The Bangladeshi river vessel strike ends - but other strikes keep rolling...

Saturday, 16th May 2010, Dhaka; Government Ministers and boat owners have
signed an agreement with union leaders that ends the 8 day strike of river
vessel workers. The deal includes; dropping of all criminal charges
relating to the strike, and release of all those arrested; a revised pay
scale giving wage increases of from 50% to 100%. But it remains unclear
whether this 50% to 100% rise is only the original unsatisfactory pay
offer which triggered the strike - or if it is 50% to 100% on top of that.
The union federation's general secretary Ashikul Islam said;

'We have decided to call off the strike after the government signed
the agreement to meet our demands in phases.'

The devil is in the detail and one can imagine that the time scale for the
implementation of the "demands in phases" may become a point of conflict.
There have been 4 strikes in 17 months over broken pay promises, so this
may be only a temporary truce.

But only the day before reaching agreement the shipping Minister was
threatening mass sackings and had been forced, in the face of strikers
defiance, to twice extend deadlines demanding a return to work. The bosses
were forced to the negotiating table by the strength and effectiveness of
the strike. In a modern economy the interruption of the speed of
circulation of commodities - including passengers - remains a powerful
leverage point for workers.

Leaving the negotiations, the shipping Minister described the strike as;

'a deep conspiracy against the government by a group of workers who
carried out subversive activities.'
He said the strike had hampered economic activities and caused
sufferings to people...

Some inconvenience is inevitable in such events, but can sometimes be
converted into solidarity; regardless, the Minister's comments seem a fair
and informative description of how workers can win strikes.

A rolling strike wave

The boat workers strike coincides with wider struggles breaking out across
the country -

Rangpur, largest city of the north-west; an indefinite bus workers' strike
begins. A union secretary declared;

"We have enforced the strike as our seven days' ultimatum expired on
Saturday. The strike will continue until the demand for wage hike is
met," Mojid said.."

Chittagong, main southern sea port; casual day labourers struck against
being paid less than minimum wage for unloading ship cargoes. They
returned to work on promise of a pay rise. The workers are not unionised
and the strike was self-organised;

Labourer Kashem Ali said, "We did not dare to protest this in fear of
C & F agents [their employers]. Now we are united and we shall
establish our right by any means."

Also in Chittagong; Last week an indefinite strike began in the
ship-breaking industry against tightening of regulations regarding
detoxification certificates for ships. The industry employs tens of
thousands of low paid workers in hundreds of yards and the strike appears
to have been called by the employers and in their interests - rather than
the workers - to pressure the government to abandon the new regulations.
30% of the world's condemned ships are recycled in Bangladesh; labour is
cheap enough here to make it profitable to use the most primitive methods
to scrap ship with hand tools. It is horrible, dangerous work with
terrible environmental consequences. Much of the steel is recycled into
rods for use in construction - reinforcing concrete, steel fixing etc.
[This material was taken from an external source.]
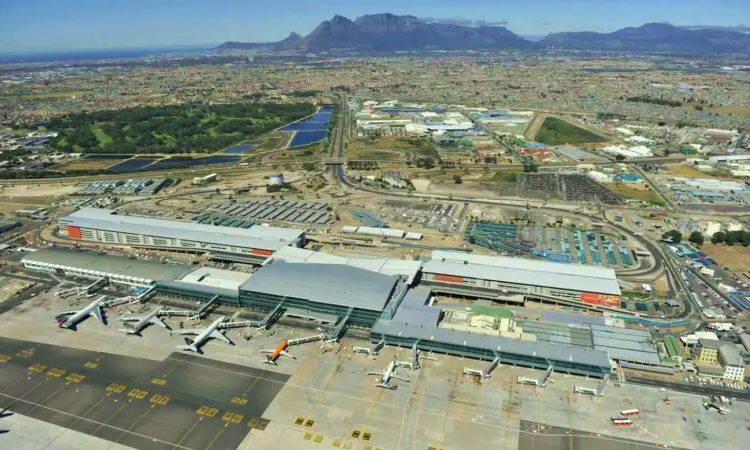 Aeropuerto Internacional de Ciudad del Cabo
Across the country; last week 1.3 million weavers struck, protesting
import restrictions on Indian yarn. Called by the Bangladesh Handloom and
Powerloom Owners' Association, many of whom are home and artisan workshop
loom weavers who supply the garment factories. According to the
Association, about 0.6mlln looms have closed and the remaining 1.4mlln
looms are operating well below production capacity due to the high price
of yarn.

weavers of Pabna, Sirajganj and Narsingdi took to the streets and
blockaded the Dhaka-Sylhet highway in Narsingdi for four hours. Some
5000 weavers blocked the Dhaka-Sylhet highway In Narsingdi from
10:30am to 2pm Thursday bringing traffic to a halt. (

The Bangladeshi handloom industry meets 80% of the total demand for
fabrics. The country's annual yarn demand is estimated at 1mn tonnes, of
which knit sector uses 0.7mn tonnes and the weaving industry the rest.
Local yarn traders have objected to being undercut by cheaper Indian yarn.
The strike ended when the import ban was lifted.
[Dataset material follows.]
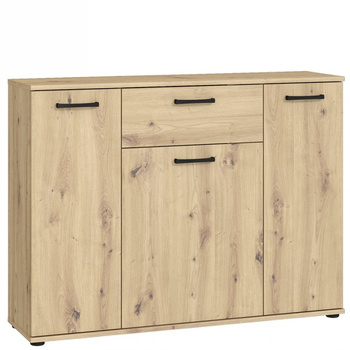 Komoda pod telewizor do salonu dąb artisan Niko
In the garment industry; strikes and demonstrations involving thousands of
workers regularly break out and are spread to neighbouring factories. A
demand for a minimum wage of Taka 5,000[approx. £50/$72/EUR58] is a
generalised demand, though local wage issues and payment of arrears are
often the initial spark.

These struggles are predominantly fired by a constant battle of the poor
against both inflation and, often, terrible working conditions. So far
there has been little co-ordination and linkage between these struggles
beyond their respective industries; but, as they proliferate, this may (or
not) impose itself as a logical necessity.